Makalot Industrial Co (聚陽實業) on Tuesday reported that pretax profits in the first half of the year surged 53.09 percent year-on-year to NT$1.11 billion (US$35.72 million), or NT$5.3 per share.
Revenue climbed 26.51 percent to NT$12.9 billion from NT$10.2 billion a year earlier, as it received more higher-margin orders, the apparel supplier said.
“Choosing orders with higher margins was the priority in the first half of the year, as demand continued to outpace supply,” Makalot spokesperson Lin Heng-yu (林恆宇) said yesterday by telephone.
High-margin orders from fashion apparel customers and rush orders diverted from China also helped support revenue and profitability in the first half, the company said.

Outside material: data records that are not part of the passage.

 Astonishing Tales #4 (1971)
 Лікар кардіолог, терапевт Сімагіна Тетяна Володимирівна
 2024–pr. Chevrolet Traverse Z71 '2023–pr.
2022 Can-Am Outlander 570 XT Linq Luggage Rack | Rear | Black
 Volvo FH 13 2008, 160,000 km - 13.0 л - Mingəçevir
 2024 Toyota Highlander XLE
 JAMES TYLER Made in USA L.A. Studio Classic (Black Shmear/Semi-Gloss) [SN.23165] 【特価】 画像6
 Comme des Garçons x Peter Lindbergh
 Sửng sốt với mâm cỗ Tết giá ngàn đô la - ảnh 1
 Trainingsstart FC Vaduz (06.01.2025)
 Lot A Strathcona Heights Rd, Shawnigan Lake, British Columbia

Overall, rising average selling prices and foreign-exchange gains led profit growth to outpace revenue increase in the first six months, Lin said.

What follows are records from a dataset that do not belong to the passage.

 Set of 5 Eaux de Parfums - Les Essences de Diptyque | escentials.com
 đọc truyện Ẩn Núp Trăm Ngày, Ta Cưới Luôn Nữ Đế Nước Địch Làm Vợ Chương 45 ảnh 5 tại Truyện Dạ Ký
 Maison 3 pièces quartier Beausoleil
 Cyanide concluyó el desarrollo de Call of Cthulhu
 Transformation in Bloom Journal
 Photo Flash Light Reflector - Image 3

As for the second half of the year, Makalot said it expected to continue to receive high-margin orders and has set a full production schedule for the fourth quarter, suggesting full utilization rates for all factories.
The second half would be better than the first half, and output for this quarter would reach a peak for this year as the industry enters the high season for autumn and winter apparel, the company said.
New customers, such as Hennes & Mauritz AB (H&M), would also help boost sales, it added.
A local brokerage analyst, who asked not to be named, yesterday said that the firm’s orders from Gap Inc are expected to increase between 9 and 10 percent this year, while those from Target Corp, Kohl’s Corp, Walmart Inc, Hanesbrands Inc and some Japanese customers would increase by double-digit percentages.
Makalot chairman Frank Chou (周理平) last month forecast annual output would reach 15 million dozens this year, up 7.14 percent from last year.